→ What the task requires
Repeat the listing exactly. The images do not belong in the copy.

→ Available data
══════

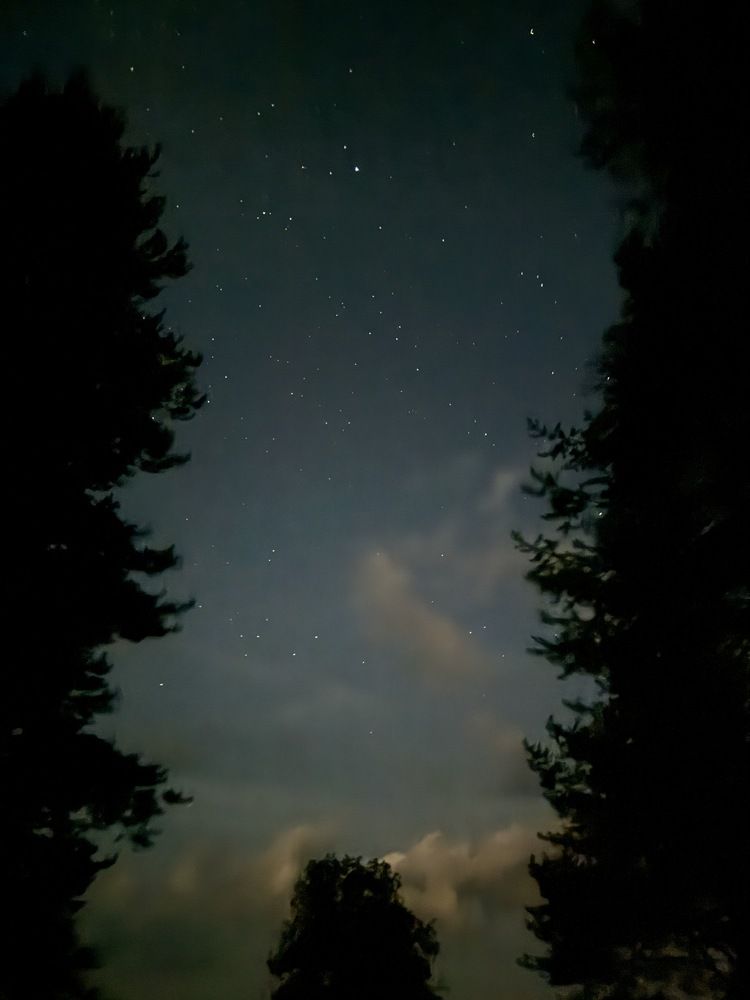 Photograph by Dmitry Bastet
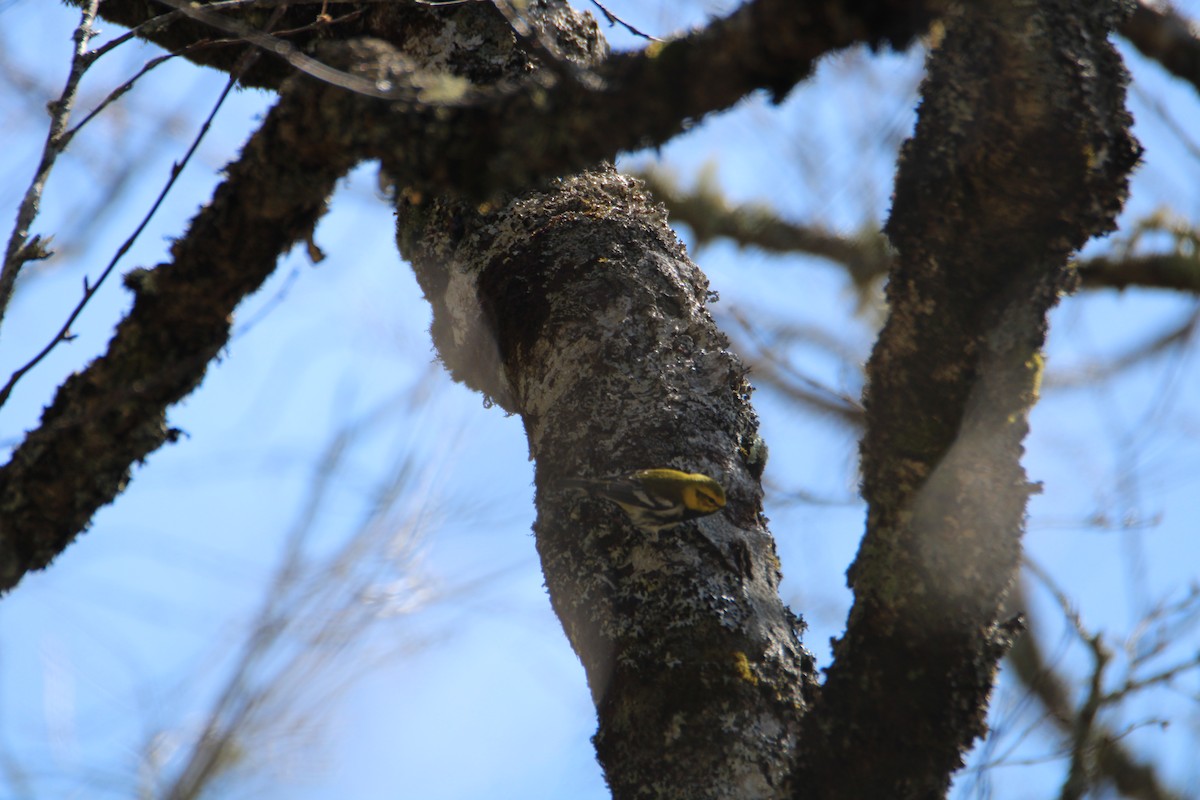 Black-throated Green Warbler - Ryan Giordanelli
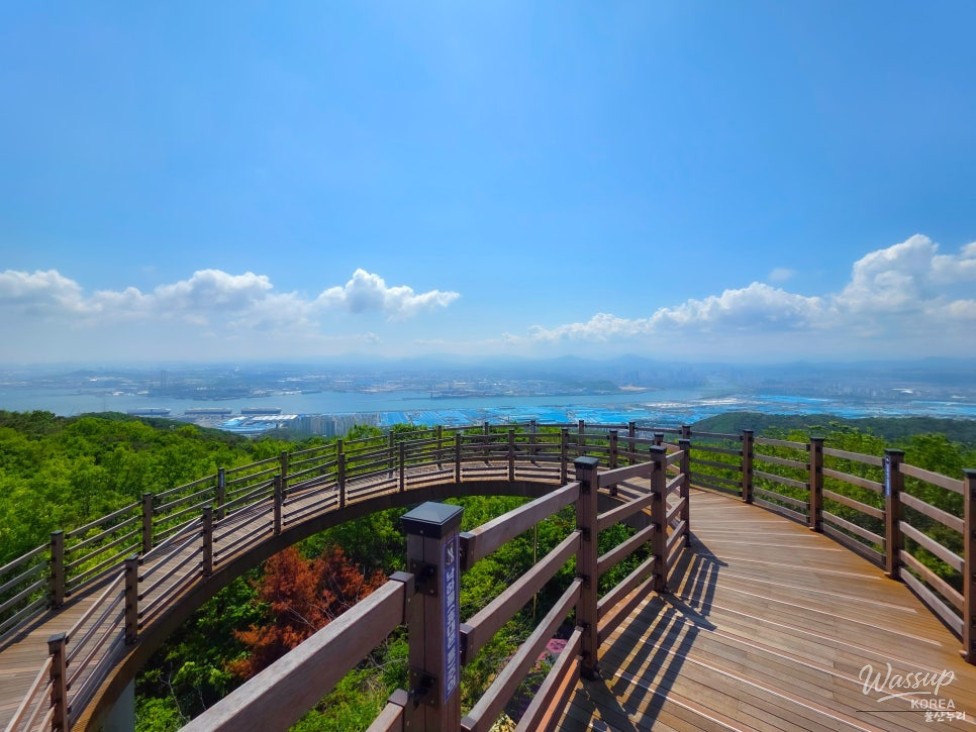 Discovering Yeompo Observatory in Ulsan_07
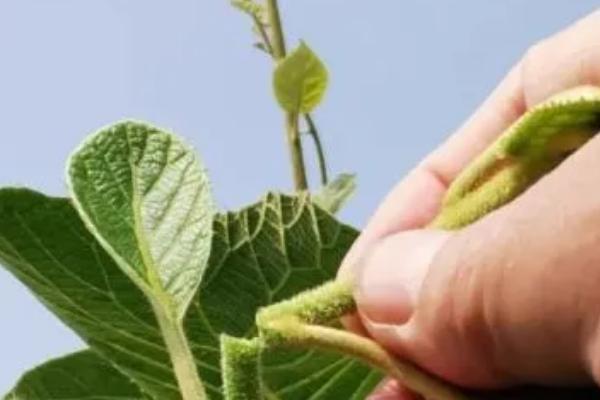 猕猴桃为什么要摘心,新梢生长旺盛会导致营养无效消耗过多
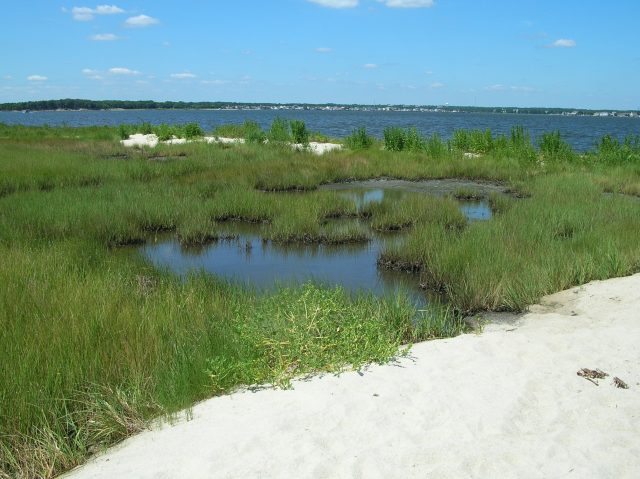 Cattus Island County Park (Barnegat Bay Partnership)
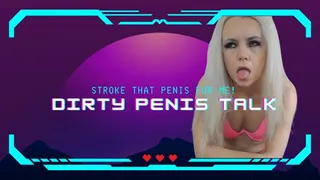 Dirty Penis Talk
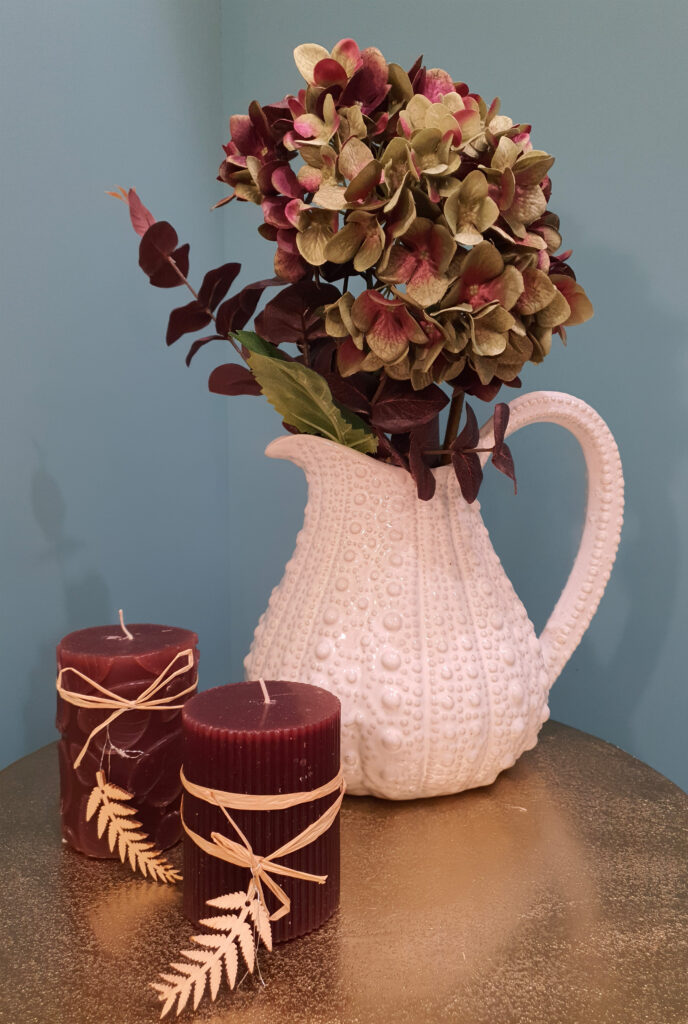 Plants and Flowers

══════

→ Result of this task
 Photograph by Dmitry Bastet
 Black-throated Green Warbler - Ryan Giordanelli
 Discovering Yeompo Observatory in Ulsan_07
 猕猴桃为什么要摘心,新梢生长旺盛会导致营养无效消耗过多
 Cattus Island County Park (Barnegat Bay Partnership)
 Dirty Penis Talk
 Plants and Flowers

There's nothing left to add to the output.